Using these formulas, performance is measures in two ways, decision weighted or block weighted. Decision weighted performance, (sometimes called pooled or macro performance), weights each decision equally. These are global performance statistics, but no mean or variance can be associated with the performance variability. Block weighted performance computes decision weighted performance statistics on subsets, or blocks, of the test set, and then reports the mean of those statistics. The advantage of block weighted statistics is it has a reduced variance. The subsets can be, and often are, non-uniform in size.

The following <Options> are recognized by the program:

-C Cmiss:Cfa -> Set the cost of a missed detection and the cost of a false alarm to 'Cmiss' and 'Cfa' respectively. These numbers are used in the detection cost function. Default values are Cmiss=1.0 and Cfa=0.1 ;
-D Detail -> Write internally organize evaluation corpus and pertinent statistics for debugging purposes. This report, though voluminous, is intended to help researchers debug their internal versions of evaluation code.
-N TaskID,BlockID,DecisionID -> Define the names used in the reports. 'TaskID' is the detection task name, 'Link' is the default. 'BlockID' is the name that describes the block divisions, 'Topic' is the default. 'DecisionID' describes what individual decisions are made on, 'Story' is the default.
-P Ptarget -> Use Ptarget for the detection cost functions.
-r Report -> Write the summary report to 'Report' rather than STDOUT, the default.
-S -> If this flag is used, system output entries not present in the key file are ignored during scoring.
-v num -> Set the verbose level to 'num'. Default 1.
==0 None, ==1 Normal, >5 Slight, >10 way too much, >15 not even funny
Options that apply to the DET plots:
-d DETfile -> Create a DET plot in GNUplot format with the file root 'DETfile'. The program makes several files each with additional extensions.
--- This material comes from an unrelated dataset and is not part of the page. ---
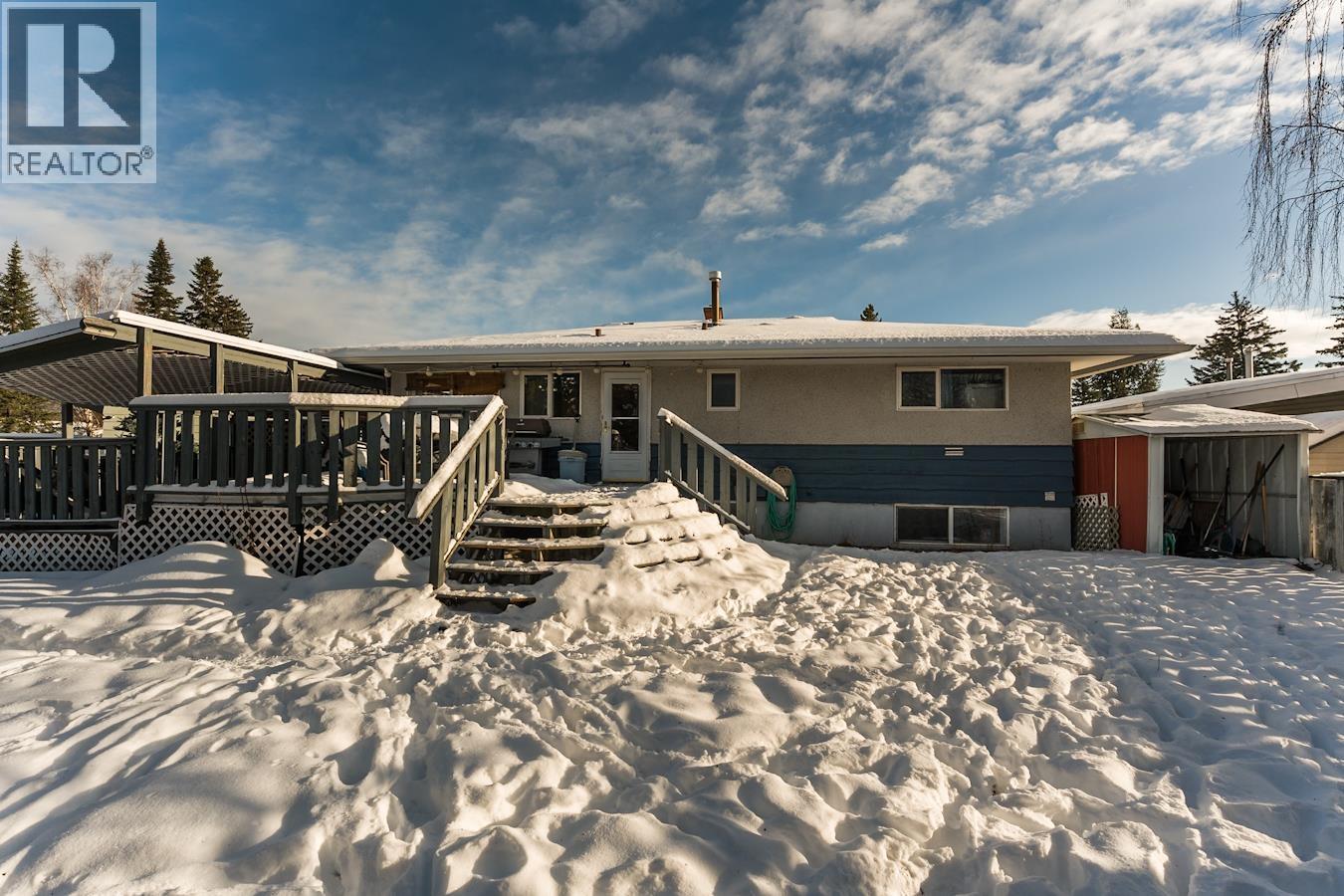 231 WATSON CRESCENT - 27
The file 'DETfile'.plt is a command file for GNUplot and can be printed using the command "gnuplot 'DETfile'.plt | lpr".
-t title -> Set the title line for the plot to 'title'.
-p -> Produce a single story-weighted DET line trace.
-w -> Produce a single topic-weighted DET line trace. This is the default option.
-n -> Add 90% confidence intervals to the topic-weighted DET graph.
-Z uncompress -> Specify the command for uncompressing the system output files prior to scoring. The decompression applies to ONLY the system decision files, not the file lists. The command is executed by opening a pipe command if the system output file ends with a .Z or .gz suffix. The command is required to read a compressed stream from STDIN, and write the uncompressed stream to STDOUT.

Program Input

Answer key file format

The answer key file defines the presumed correct answers for all of the detection object pairs. The file consists of a header record, followed a data record for each detection object pair. With the exception of the header record, any text following a '#' is ignored.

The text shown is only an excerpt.